Should I make changes to my investment portfolio based on the current climate?

In light of all of this, I’ve had many clients and other investors ask me if we need to make changes to their investments based on what has taken place in the capital markets recently. It makes sense — should we take some chips off the table and/or take some profits in stocks since they’re near all-time highs? If you were to do that, you may very well be right to do so. You may avoid some losses by taking some chips off the table.

But that hasn’t changed my response to most people: we need to focus on the process. We have a financial plan in place to guide us from where we are, to where we want to go. And the minute we make an emotional decision based on how we feel about the markets, we abandon our process and make a market-timing decision. I understand the urge to make decisions based on what it feels like we should do, but study after study has shown us that making emotional decisions about our investments, versus sticking to a process, doesn’t work.

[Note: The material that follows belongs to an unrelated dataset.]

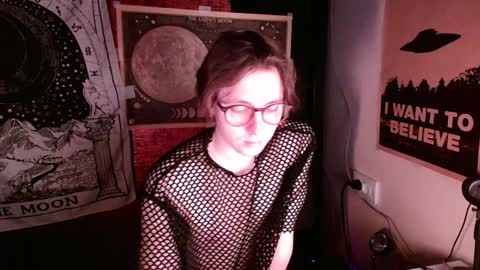 Snapshot of cosmonudes chatting on January 2025 05:16:01 AM Barry online show from January 2025 05:16:01 AM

Keep in mind that the market has fully discounted every piece of public information that exists by the time you read a stock quote. When something seems obvious, it rarely is. There’s someone on the buy and the sell side of every transaction, and each party believes wholeheartedly that their position is the correct one. For example, if you show me 10 experts who say that the market is going down from here, I could show you 10 experts who say that the market is going up (or vice versa).

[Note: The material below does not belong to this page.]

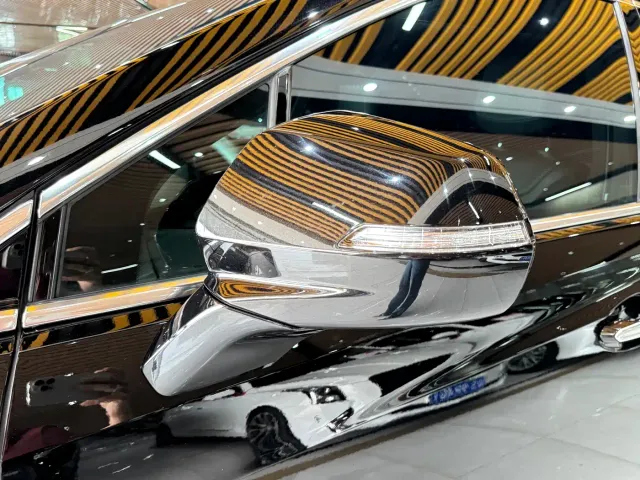 Cadillac XT5 — Фото автомобиля 12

The markets move in cycles

Part of the financial planning process is designing an asset allocation of U.S. stocks, non-U.S. stocks, bonds etc.  The reason I work with my clients to develop an asset allocation is because we realize the markets move in cycles, and that asset classes have a varying degree of correlation or non-correlation to one another. If we do the proper planning, and figure out what a client needs to get them from where they are to where they want to be, choosing the correct asset allocation gives them the best chance at success with the right mix of risk and reward along the way.

In many cases, the biggest value I can deliver to clients is to help them stay the course, reinvest dividends, and dynamically rebalance their portfolios. I can be an objective voice that reminds investors why we choose a certain mix of investments — one that is designed to withstand market cycles and give them the best chance to achieve their goals.